Zuvor waren im Landkreis Aurich bereits zwei Legehennenbetriebe mit insgesamt etwa 3600 Tieren gesperrt worden. In den Eiern wurde laut Ministerium "maximal das Vierfache" der zugelassenen Höchstmenge an Dioxin und PCB gemessen. Alle ausgelieferten Eier seien jedoch sofort zurückgerufen worden. Bei dem nun neu betroffenen Hof handelt sich erneut um einen Biobetrieb - wie schon bei einem von zwei Höfen in Nordrhein-Westfalen, auf denen Anfang April die ersten Fälle verseuchter Eiern bekannt geworden waren.

Der betroffene Biohof in NRW hatte seine Eier von einem Labor in Kiel prüfen lassen. Dieses stehe nun im Verdacht, die erhöhten Giftwerte den Behörden nicht rechtzeitig gemeldet zu haben, sagte ein Sprecher der Stadt Kiel dem "Westfalenblatt". Die Veterinärabteilung der Stadt habe deshalb ein Ordnungswidrigkeiten-Verfahren eingeleitet. Dem Laborinhaber droht deshalb nun ein Bußgeld von bis zu 20.000 Euro. Die Behörden in NRW prüfen Verfahren gegen den Betreiber des Hofes und und die Vertriebsfirma. Zudem ermittelt die Staatsanwaltschaft Bielefeld wegen Bodenverunreinigung gegen unbekannt.

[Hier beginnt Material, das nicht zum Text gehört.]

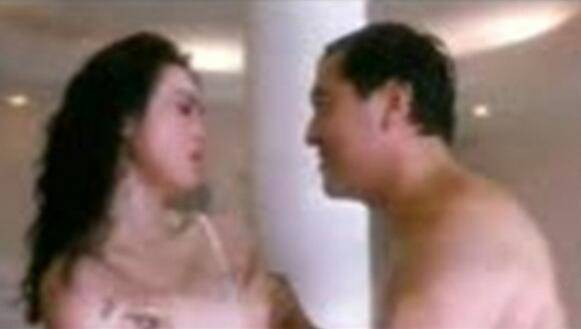 张敏激情三级片遭扒 全裸浴缸露奶剧照曝光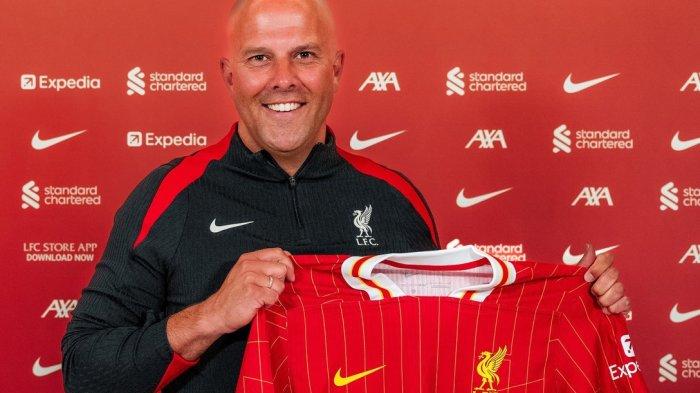 Liverpool Pulang ke Anfield dengan Tekanan Berat, Arne Slot Tegaskan Satu Tuntutan
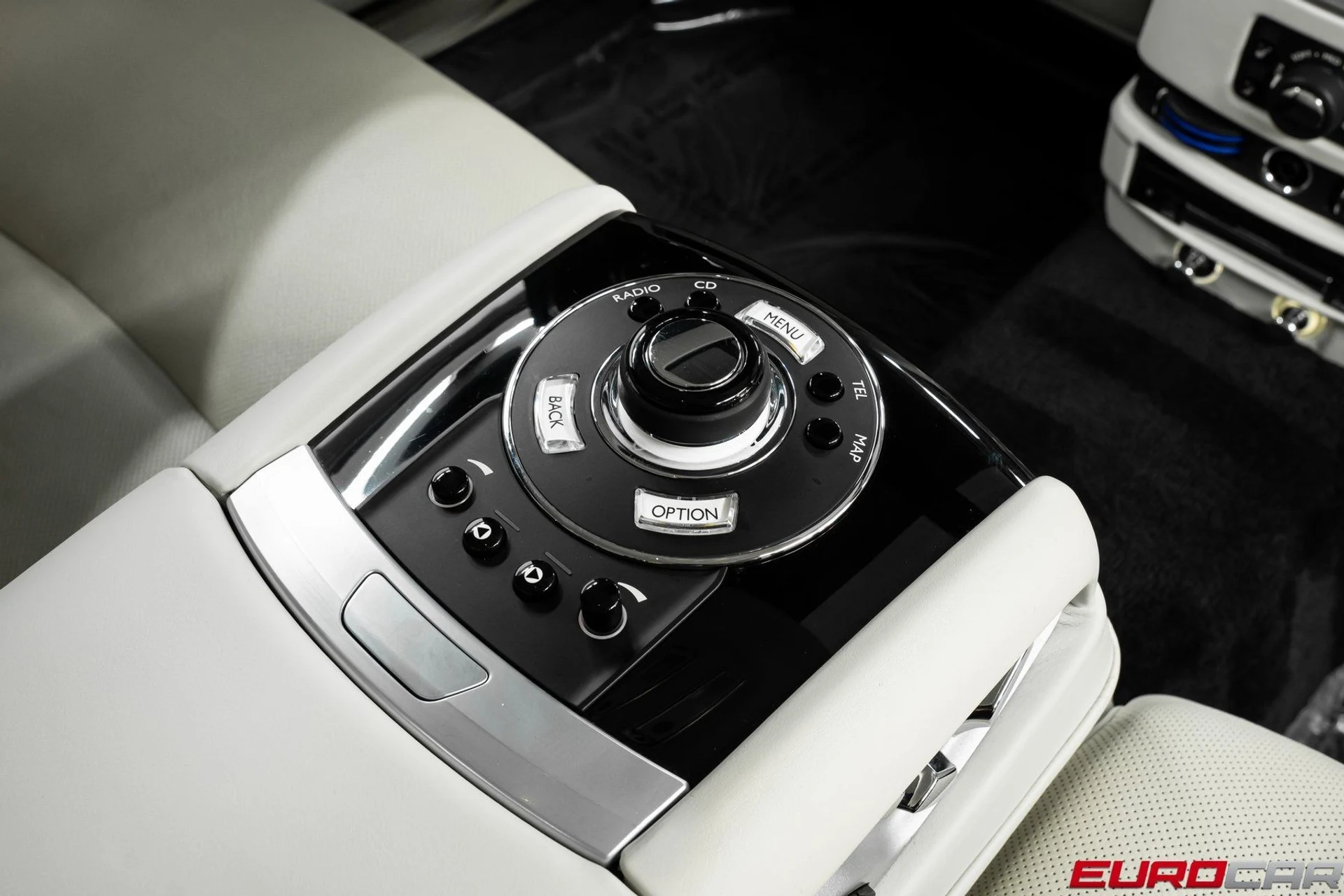 mph038_1851635662_image_39_193bd4a476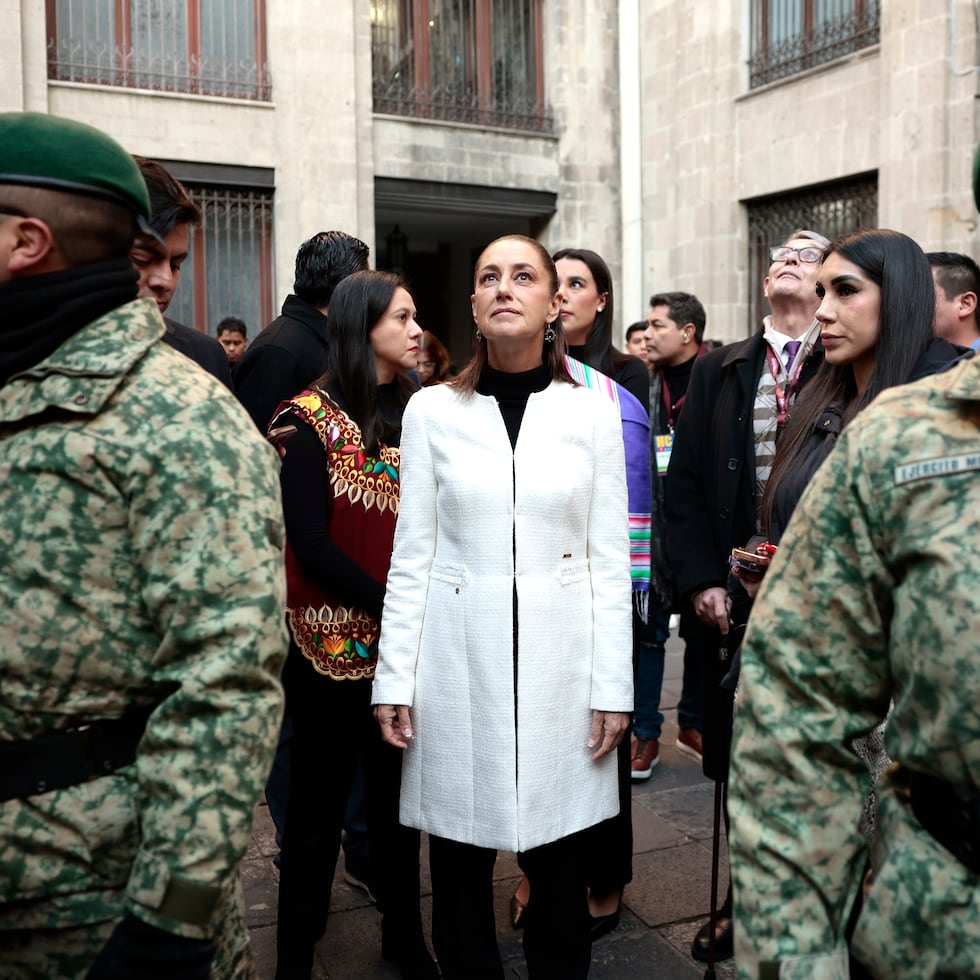 La presidenta de México, Claudia Sheinbaum (centro), permaneció en un patio del Palacio Nacional como parte del protocolo de seguridad tras el terremoto.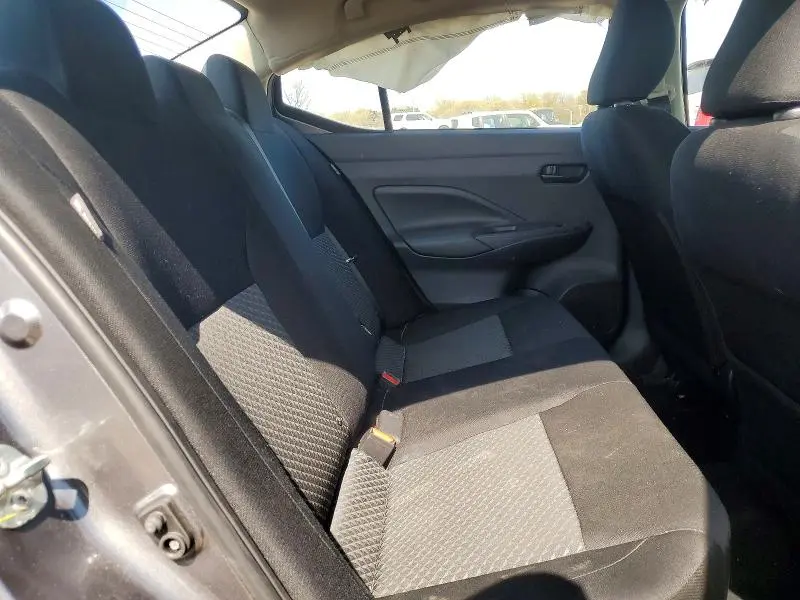 2024 NISSAN VERSA S  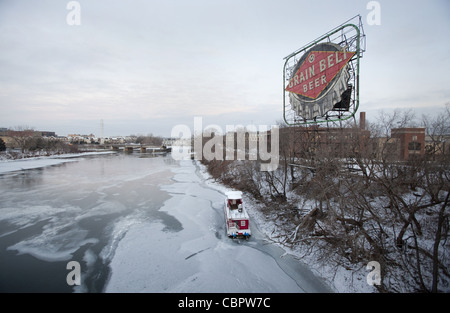 Fleuve Mississippi à partir de geler sur le long de la berge de Nicollet Island à Minneapolis, Minnesota Banque D'Images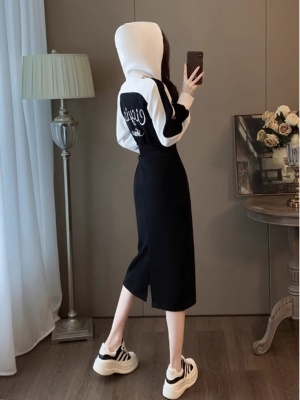 黑色长袖卫衣连衣裙女春秋穿搭高级感气质收腰显瘦中长款连帽裙子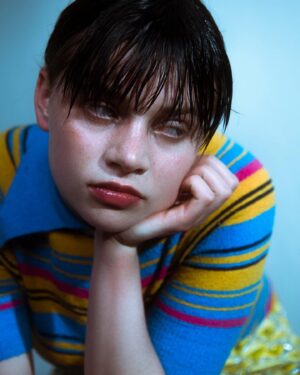 Luna Wedler Instagram - @fraeuleinmagazine 🖤
 @jesuiskarl.film !

📸: @debora_brune 
h&m: @goldig ✨
styling: @fvardaromelchiorri
@senkbeil_pr 
merci beaucoup.🌈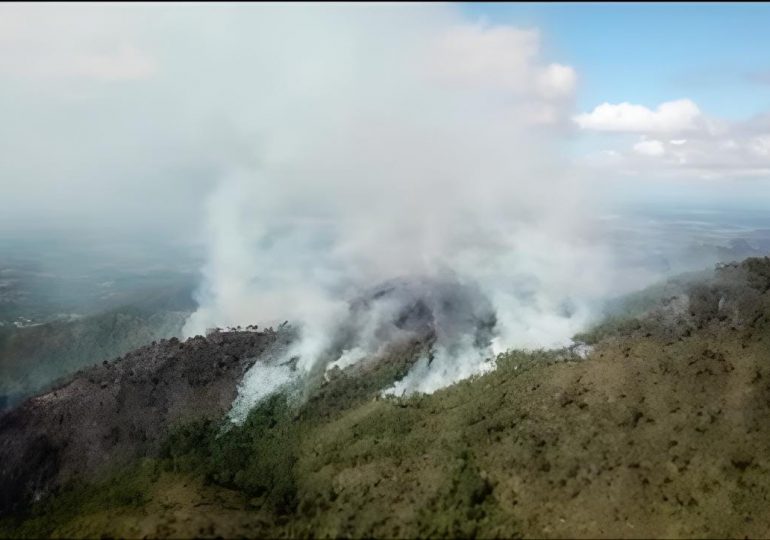 Más de 80 personas tratan de sofocar incendio que se expande en montaña de Dajabón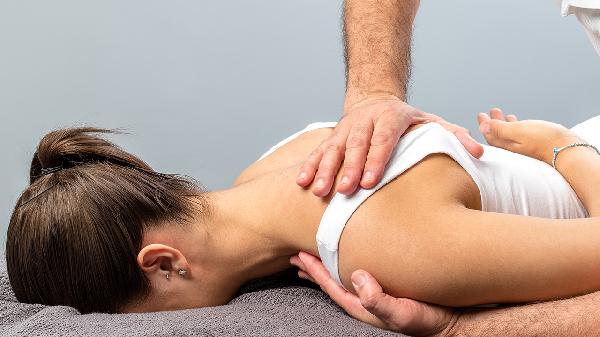 急性腰扭傷如何調(diào)整復(fù)位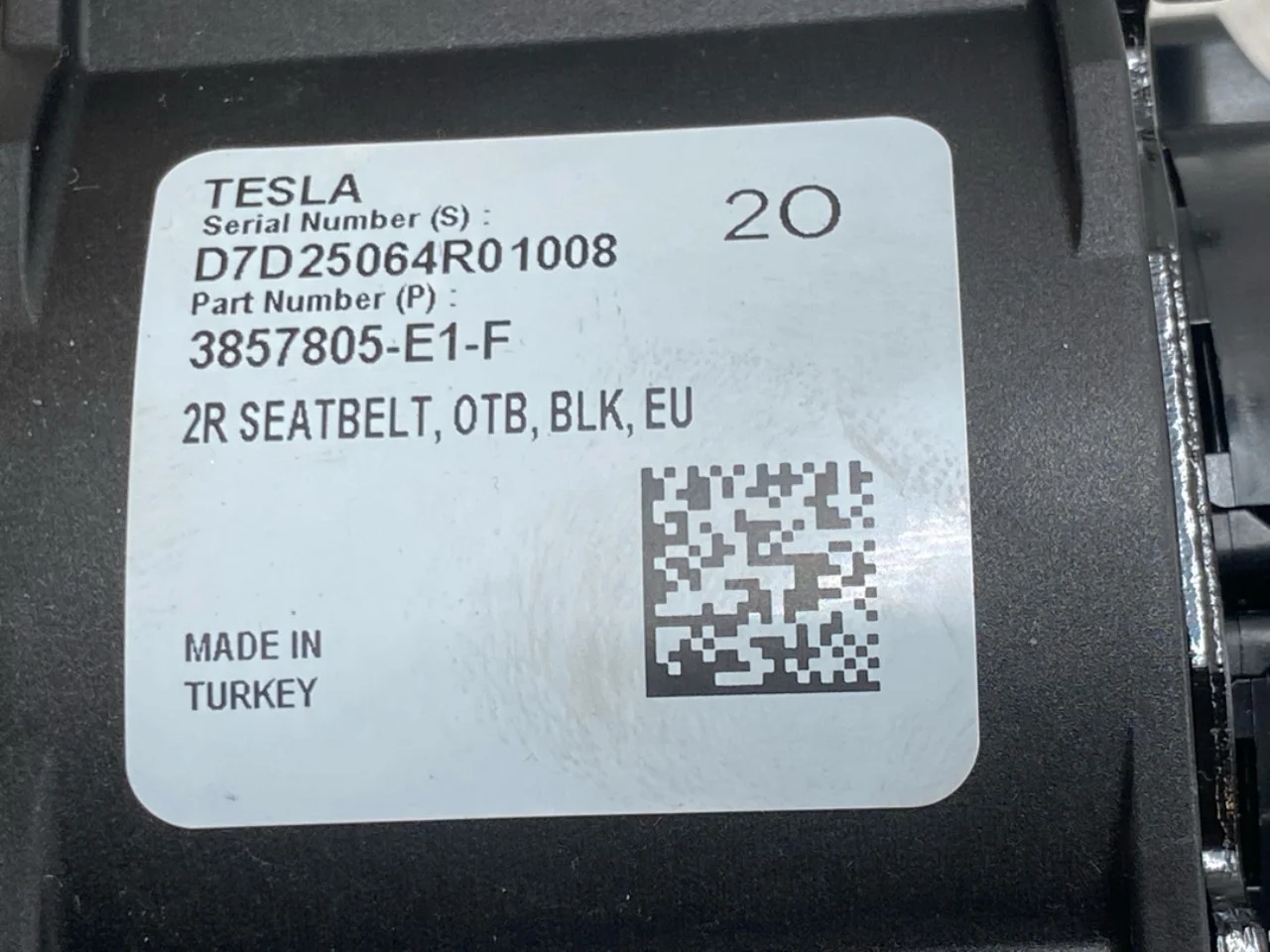 Tesla MODEL Y 2021- Biztonsági öv, hátsó, bal nézet 3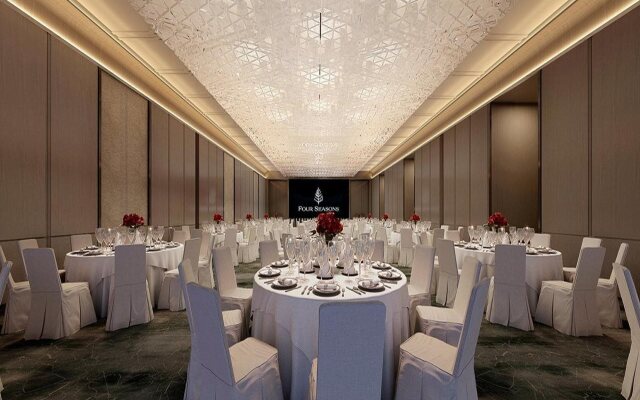 Four Seasons Hotel Dalian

Polychlorierte Biphenyle (PCB) sind organische Giftstoffe ähnlich dem Dioxin, das jahrzehntelang als Zusatzstoff in Kunststoffen und Farben sowie als Kühl- und Hydraulikflüssigkeit in der Industrie verwendet wurde. Nachdem seine Gefährlichkeit entdeckt worden war, wurde die Verwendung von PCB in den meisten Industrieländern ab Ende der 1970er Jahre nach und nach verboten. Der Stoff ist allerdings sehr langlebig und kann sich in Natur und Nahrungsketten anreichern.